[Stored items from a collection]

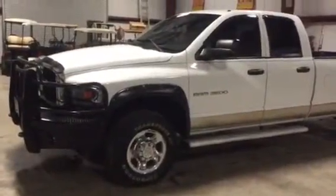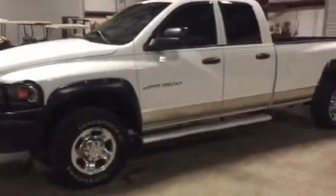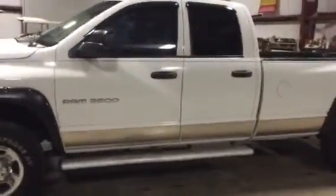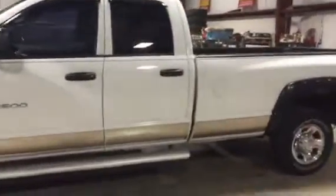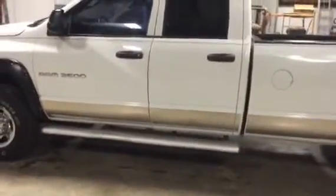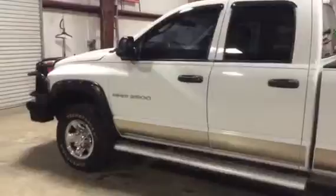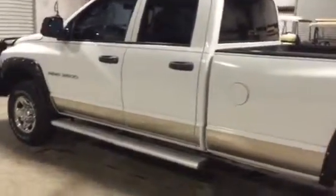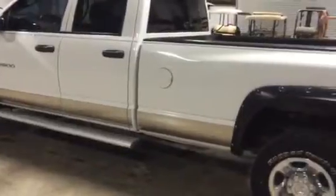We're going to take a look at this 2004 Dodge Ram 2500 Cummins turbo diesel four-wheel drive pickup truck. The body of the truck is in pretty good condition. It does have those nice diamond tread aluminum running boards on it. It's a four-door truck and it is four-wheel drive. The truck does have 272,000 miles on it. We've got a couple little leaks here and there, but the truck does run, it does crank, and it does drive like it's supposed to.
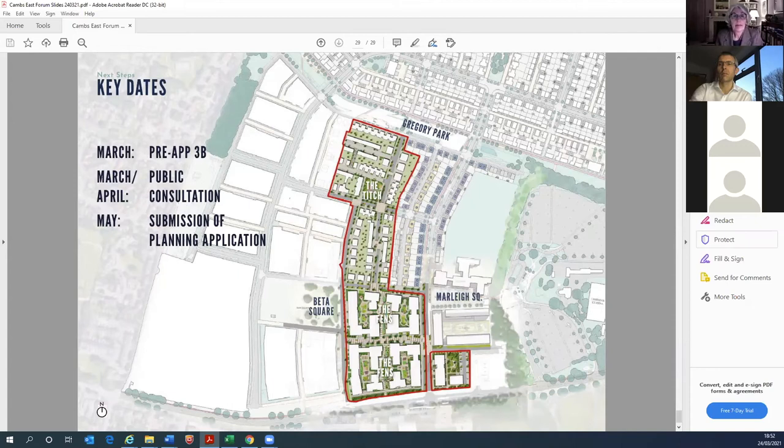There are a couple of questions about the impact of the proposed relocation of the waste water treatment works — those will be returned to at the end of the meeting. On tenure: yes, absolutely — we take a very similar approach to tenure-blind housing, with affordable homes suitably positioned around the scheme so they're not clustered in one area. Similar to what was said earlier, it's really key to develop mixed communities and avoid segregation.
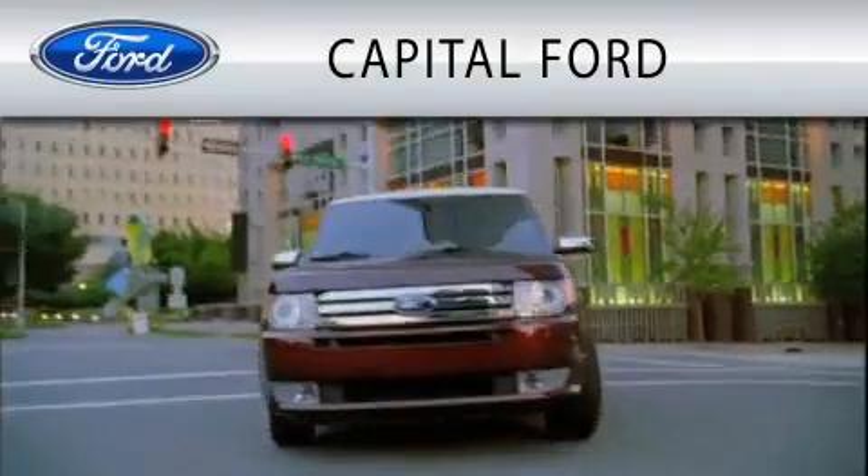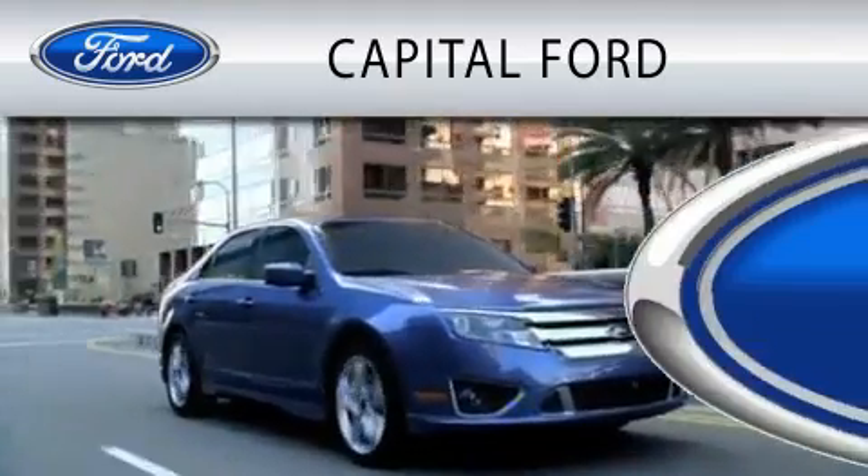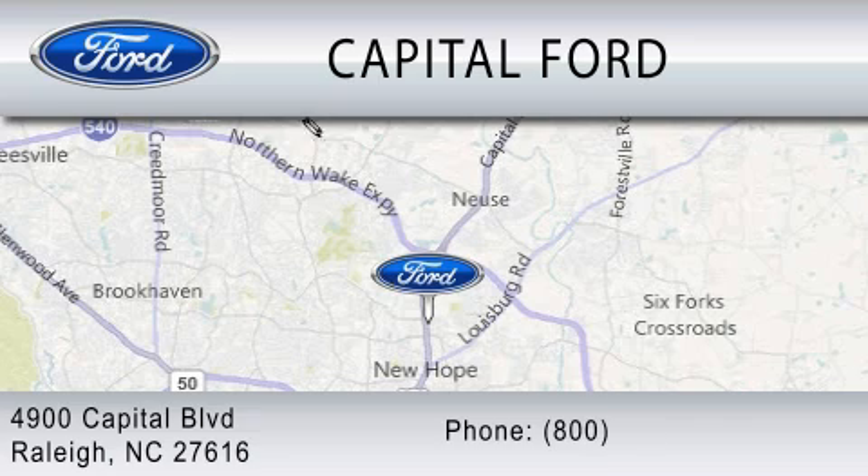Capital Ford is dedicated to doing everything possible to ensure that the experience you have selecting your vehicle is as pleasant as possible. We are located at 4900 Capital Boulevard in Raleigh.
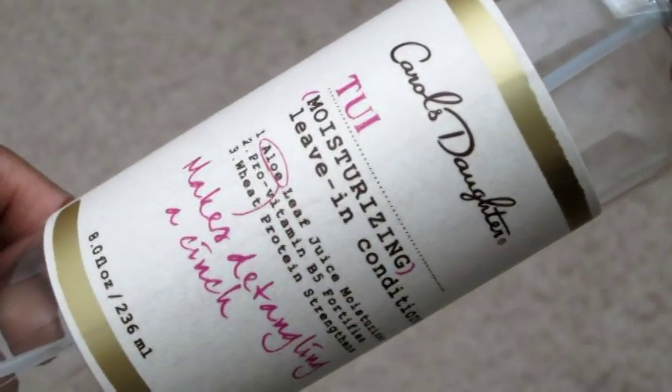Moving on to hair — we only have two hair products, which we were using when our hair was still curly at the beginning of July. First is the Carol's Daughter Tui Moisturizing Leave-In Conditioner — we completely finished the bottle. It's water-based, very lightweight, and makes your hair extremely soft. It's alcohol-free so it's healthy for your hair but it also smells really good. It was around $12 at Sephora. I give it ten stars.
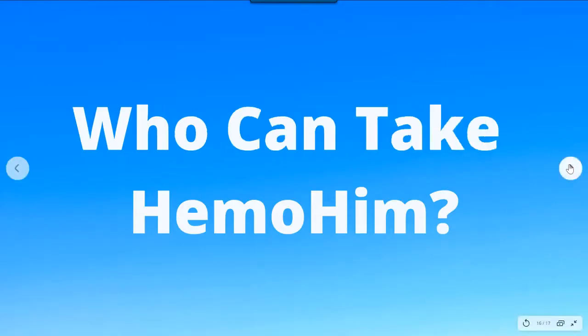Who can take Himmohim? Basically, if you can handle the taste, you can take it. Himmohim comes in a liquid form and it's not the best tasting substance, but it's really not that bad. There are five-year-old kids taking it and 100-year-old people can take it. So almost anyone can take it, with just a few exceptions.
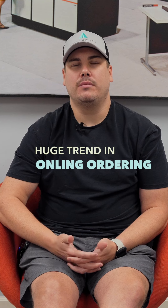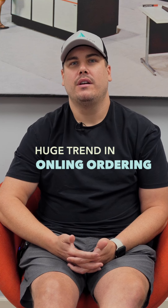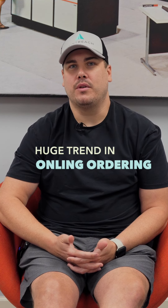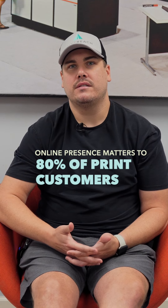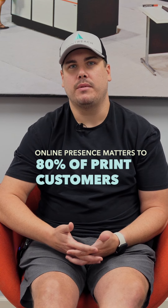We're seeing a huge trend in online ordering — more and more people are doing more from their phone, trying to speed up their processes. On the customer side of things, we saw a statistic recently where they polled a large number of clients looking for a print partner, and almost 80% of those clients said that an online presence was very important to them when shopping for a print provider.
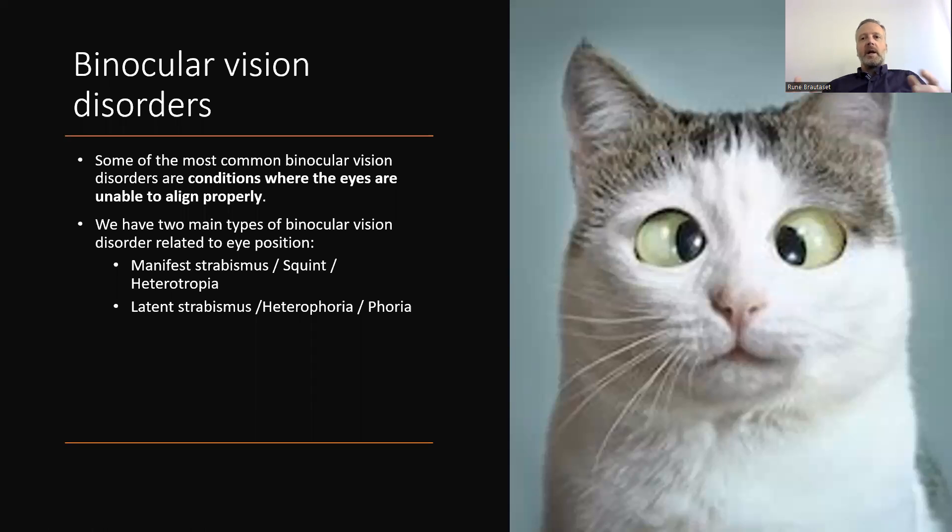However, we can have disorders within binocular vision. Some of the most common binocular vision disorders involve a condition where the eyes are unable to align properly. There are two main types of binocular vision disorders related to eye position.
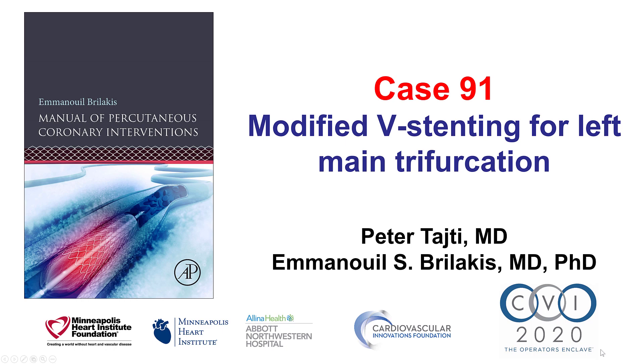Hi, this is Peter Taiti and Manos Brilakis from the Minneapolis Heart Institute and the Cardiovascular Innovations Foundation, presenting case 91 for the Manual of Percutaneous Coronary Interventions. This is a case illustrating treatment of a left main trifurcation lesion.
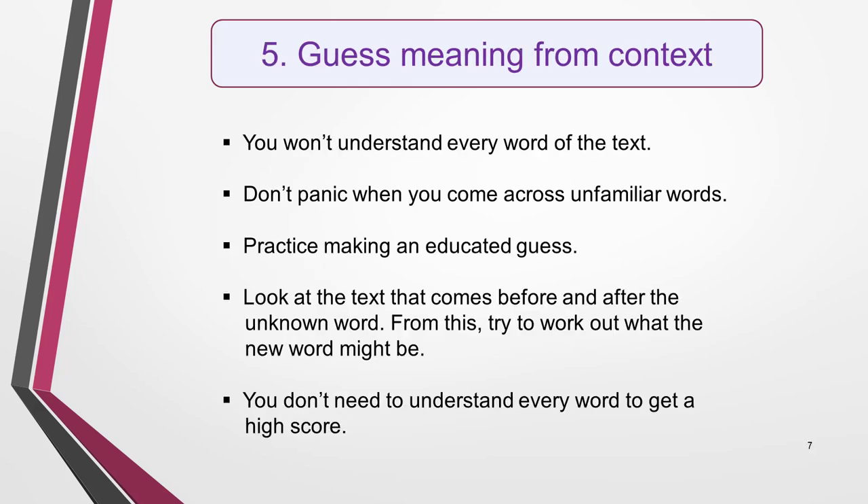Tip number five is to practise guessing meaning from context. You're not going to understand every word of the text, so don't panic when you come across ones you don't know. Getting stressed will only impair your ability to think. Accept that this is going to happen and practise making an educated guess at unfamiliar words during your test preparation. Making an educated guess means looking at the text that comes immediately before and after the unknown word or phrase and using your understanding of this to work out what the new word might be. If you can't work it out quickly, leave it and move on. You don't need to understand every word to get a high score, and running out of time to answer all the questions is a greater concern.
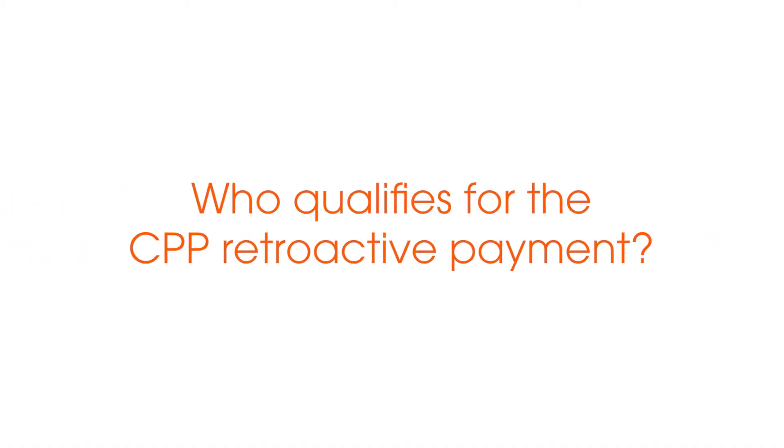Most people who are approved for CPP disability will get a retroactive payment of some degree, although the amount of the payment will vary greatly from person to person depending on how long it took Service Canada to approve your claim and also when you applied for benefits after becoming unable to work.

**Action item:** Can you repeat every record above exactly, apart from the pictures?

**Answer to this task:**
We're going to take a look at this 2004 Dodge Ram 2500 Cummins turbo diesel four-wheel drive pickup truck. The body of the truck is in pretty good condition. It does have those nice diamond tread aluminum running boards on it. It's a four-door truck and it is four-wheel drive. The truck does have 272,000 miles on it. We've got a couple little leaks here and there, but the truck does run, it does crank, and it does drive like it's supposed to.
There are a couple of questions about the impact of the proposed relocation of the waste water treatment works — those will be returned to at the end of the meeting. On tenure: yes, absolutely — we take a very similar approach to tenure-blind housing, with affordable homes suitably positioned around the scheme so they're not clustered in one area. Similar to what was said earlier, it's really key to develop mixed communities and avoid segregation.
Capital Ford is dedicated to doing everything possible to ensure that the experience you have selecting your vehicle is as pleasant as possible. We are located at 4900 Capital Boulevard in Raleigh.
Moving on to hair — we only have two hair products, which we were using when our hair was still curly at the beginning of July. First is the Carol's Daughter Tui Moisturizing Leave-In Conditioner — we completely finished the bottle. It's water-based, very lightweight, and makes your hair extremely soft. It's alcohol-free so it's healthy for your hair but it also smells really good. It was around $12 at Sephora. I give it ten stars.
Who can take Himmohim? Basically, if you can handle the taste, you can take it. Himmohim comes in a liquid form and it's not the best tasting substance, but it's really not that bad. There are five-year-old kids taking it and 100-year-old people can take it. So almost anyone can take it, with just a few exceptions.
We're seeing a huge trend in online ordering — more and more people are doing more from their phone, trying to speed up their processes. On the customer side of things, we saw a statistic recently where they polled a large number of clients looking for a print partner, and almost 80% of those clients said that an online presence was very important to them when shopping for a print provider.
However, we can have disorders within binocular vision. Some of the most common binocular vision disorders involve a condition where the eyes are unable to align properly. There are two main types of binocular vision disorders related to eye position.
Hi, this is Peter Taiti and Manos Brilakis from the Minneapolis Heart Institute and the Cardiovascular Innovations Foundation, presenting case 91 for the Manual of Percutaneous Coronary Interventions. This is a case illustrating treatment of a left main trifurcation lesion.
Tip number five is to practise guessing meaning from context. You're not going to understand every word of the text, so don't panic when you come across ones you don't know. Getting stressed will only impair your ability to think. Accept that this is going to happen and practise making an educated guess at unfamiliar words during your test preparation. Making an educated guess means looking at the text that comes immediately before and after the unknown word or phrase and using your understanding of this to work out what the new word might be. If you can't work it out quickly, leave it and move on. You don't need to understand every word to get a high score, and running out of time to answer all the questions is a greater concern.
Most people who are approved for CPP disability will get a retroactive payment of some degree, although the amount of the payment will vary greatly from person to person depending on how long it took Service Canada to approve your claim and also when you applied for benefits after becoming unable to work.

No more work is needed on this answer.